Now that you're gone

Chapitre 2 : Denial

1481 mots, Catégorie: G

Dernière mise à jour 02/04/2016 23:06

- Hoo-hoo ?

L’élégante petite silhouette de Mrs. Hudson entra d’une démarche incertaine dans l’appartement du 221B. Un plateau rempli de biscuits et de sucreries entre ses mains tremblantes, elle enjamba une pile de courrier non ouvert que la porte avait repoussée ainsi que deux plateaux similaire à celui qu’elle tenait, encore remplis.

- John ?

Aucune voix ne répondit à la sienne, chevrotante.

- John, mon garçon ? insista la vieille femme d’un ton presque suppliant.

Un léger grognement se fit entendre dans la cuisine. Dans sa hâte de retrouver la source de ce bruit, Mrs. Hudson manqua de renverser la tasse de thé bouillante qui trônait au centre de son plateau. Dans un enchaînement de petits pas rapides, elle enjamba les quelques obstacles la séparant de la pièce et s’y engouffra, un sourire bien trop radieux pour être vrai sur son visage. Néanmoins, ce sourire s’évanouit bien rapidement quand elle découvrit son –désormais, le seul- locataire. Habillé d’un simple peignoir, l’homme était endormi sur un coin de la table qu’il avait libéré en renversant quelques-uns des contenants en verre remplis de diverses substances qui s’y trouvaient d’habitude.

Soucieuse de ne pas réveiller son protégé, elle déposa la nourriture sur le plan de travail puis fit demi-tour en direction de la sortie. En réajustant son châle, elle effleura toutefois un verre qui vacilla avant de venir s’éclater en mille morceaux contre le carrelage froid de la cuisine. Le choc cristallin ne manqua pas de sortir le docteur de son sommeil avec brutalité, le faisant presque tomber de sa chaise.

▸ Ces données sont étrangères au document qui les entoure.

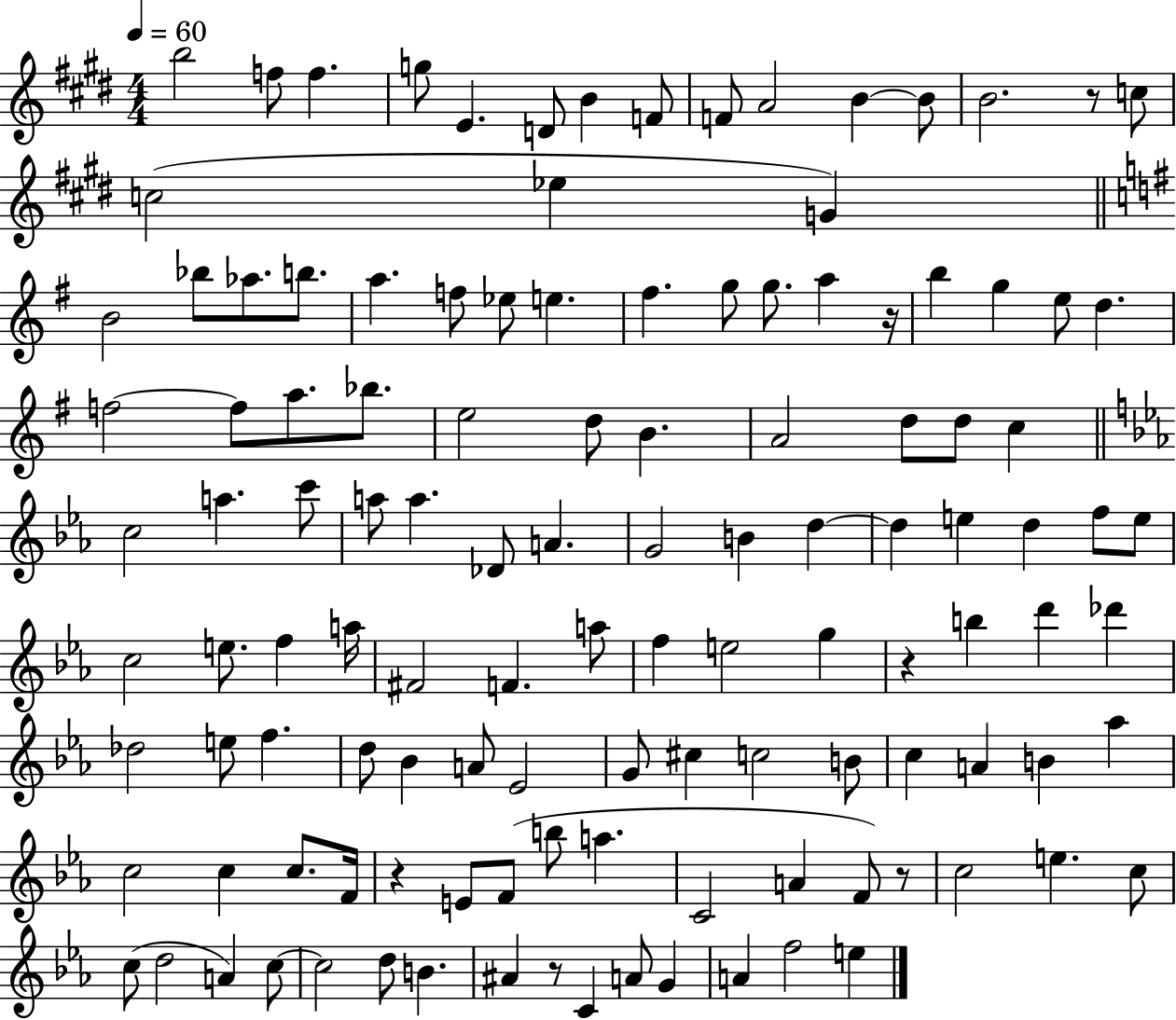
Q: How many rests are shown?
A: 6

- Oh, mes excuses, je… Je vais nettoyer. Je- je suis confuse…

- Hm, laissez…

Déjà presque à terre, prête à ramasser les bouts de verre, Mrs. Hudson s’arrêta nette : c’était la première fois depuis des jours qu’il lui adressait la parole. Immobile, comme si elle craignait d’effrayer un chiot fraîchement adopté, elle attendit un nouveau geste, un nouveau mot. Voyant qu’elle n’en obtiendrait pas plus de lui, la propriétaire soupira et ramassa les dégâts. Quelques minutes plus tard, Watson se relevait péniblement, sous le regard étonné de Mrs. Hudson qui déchanta bien vite en voyant qu’il se déplaçait seulement jusqu’à son fauteuil. Après avoir jeté les derniers éclats du verre, elle se releva et entama un rangement rapide de la salle principale qui était bien plus encombrée qu’elle ne l’avait remarqué au premier coup d’œil : des moutons de poussières se mêlaient aux objets posés sur le rebord de la cheminée, et l’atmosphère était humide et sentait le renfermé. Poussant un soupire, Mrs. Hudson ouvrit la fenêtre afin de faire entrer de l’air frais et commença à débarrasser le bureau, où de nombreuses coupures de journaux et post-it se mélangeaient dans un désordre mystérieusement agencé. Alors qu’elle se dirigeait vers la corbeille, une pile de ces papiers dans les bras, John l’interrompit brutalement d’une voix grave et sèche.

- Il n’a pas terminé cette enquête.

Sous la surprise de la prise de parole et le choc de ces dernières, la vieille femme laissa tout tomber.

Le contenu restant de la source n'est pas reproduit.